Within The Ruins『Black Heart』(2020)
アメリカ マサチューセッツ発のテクデス/プログレメタルコアバンド。
ギターのJoe CocchiとドラムのKevin McGuillを中心に2003年に結成。
2005年に発表されたEP『Driven by Fear』は、楽曲はイェーテボリスタイルを感じる作りだったので好きだったのだが、残念ながらサウンドクリエイションは最悪で、低音がブォーンと滲む聞きづらい音で敬遠せざるをえなかった。
2009年リリースしたデビューアルバム『Creature』ではかなり改善し、音数が多いながらもクリアに聞こえるようになっていたが、肝心の楽曲のクリエイティビティがどうも数多存在するPeripheryに端を発するプログレデスコアフォロワーの域を抜けられていない印象を受けた。

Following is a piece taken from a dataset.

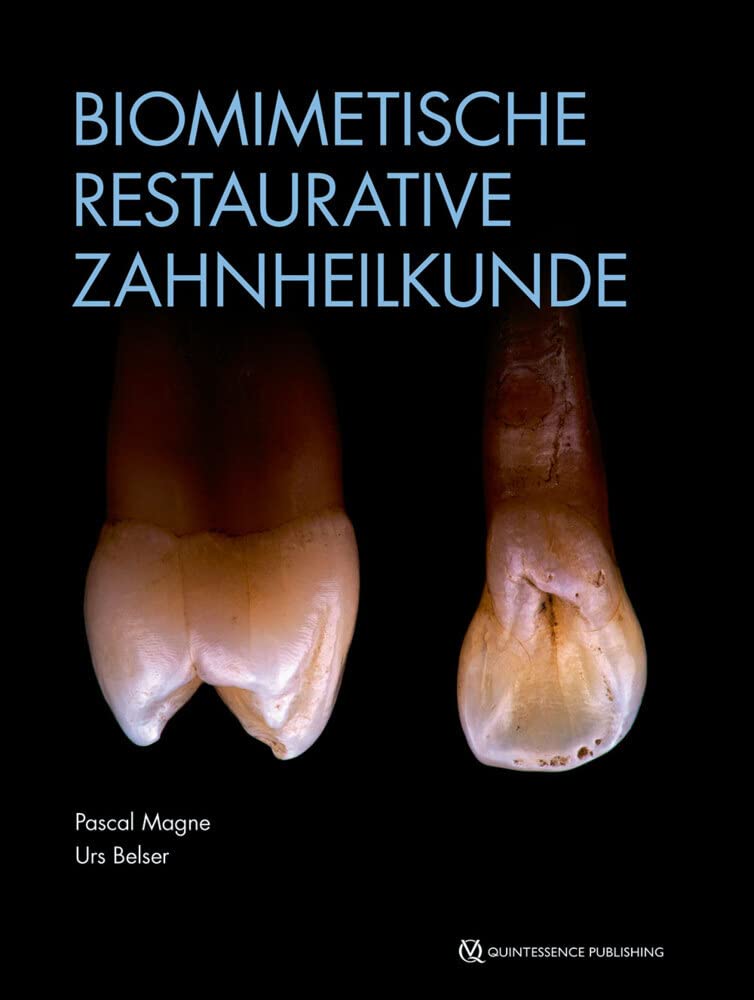 Product Image: Biomimetische Restaurative Zahnheilkunde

テクはすごいんだが、なんかテクだけで耳に残らないという…
しかし、Third Album『Elite』あたりから曲のクオリティもサウンドも格段に良くなり、印象的なピロピロギターがそこかしこで鳴るフックに満ちた曲を作り続けている。
そして本作『Black Heart』は2020年にリリースされた、テクとアグレッシブネスとキャッチーなフックが詰まったDjentテクデス/プログレメタルコアの最新系だと言い切れる。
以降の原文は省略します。